Following nationwide backlash sparked by fears of election interference, the USPS Postmaster General Louis DeJoy announced Tuesday that proposed and ongoing cost-cutting measures will be put on hold until after the November election “to avoid even the appearance of any impact on election mail.”

“There are some longstanding operational initiatives — efforts that predate my arrival at the Postal Service — that have been raised as areas of concern as the nation prepares to hold an election in the midst of a devastating pandemic. To avoid even the appearance of any impact on election mail, I am suspending these initiatives until after the election is concluded,” DeJoy, a Trump campaign superdonor who was appointed to the position in May, said in a statement.

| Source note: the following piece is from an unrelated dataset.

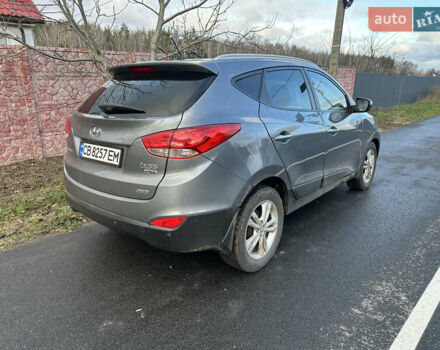Сірий Хендай іх35, об'ємом двигуна 2 л та пробігом 175 тис. км за 15000 $, фото 2 на Automoto.ua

Some of the initiatives — which include ending overtime pay for mail carriers, reducing post office retail hours and removing postal boxes — have already begun in locations around the country, leading to concern that the upcoming election may be compromised as more voters utilize mail-in voting due to the pandemic. Donald Trump has also come under fire for admitting that he is blocking additional funding for the postal service specifically to make it harder to vote. It’s not immediately clear whether DeJoy’s announced suspensions will reverse course on the initiatives that have already rolled out.

In his statement, DeJoy said he wanted to “assure all Americans” that Post Office retail hours wouldn’t change, mail processing equipment and the blue postal boxes would not be removed, overtime would be approved “as needed” and that none of the USPS’ mail processing facilities would be shut down.

“The United States Postal Service will play a critical role this year in delivering election mail for millions of voters across the country. There has been a lot of discussion recently about whether the Postal Service is ready, willing and able to meet this challenge,” DeJoy said. “The Postal Service is ready today to handle whatever volume of election mail it receives this fall. Even with the challenges of keeping our employees and customers safe and healthy as they operate amid a pandemic, we will deliver the nation’s election mail on time and within our well-established service standards.”

DeJoy is also expected to testify in the Senate on Friday and before a House committee next Monday during emergency hearings Democrats have scheduled to investigate accusations that service cuts are intended to interfere with the upcoming election. Among the cuts are the removal of standalone mail boxes and mail sorting machines, which have already caused delays to mail deliveries, according to USPS workers.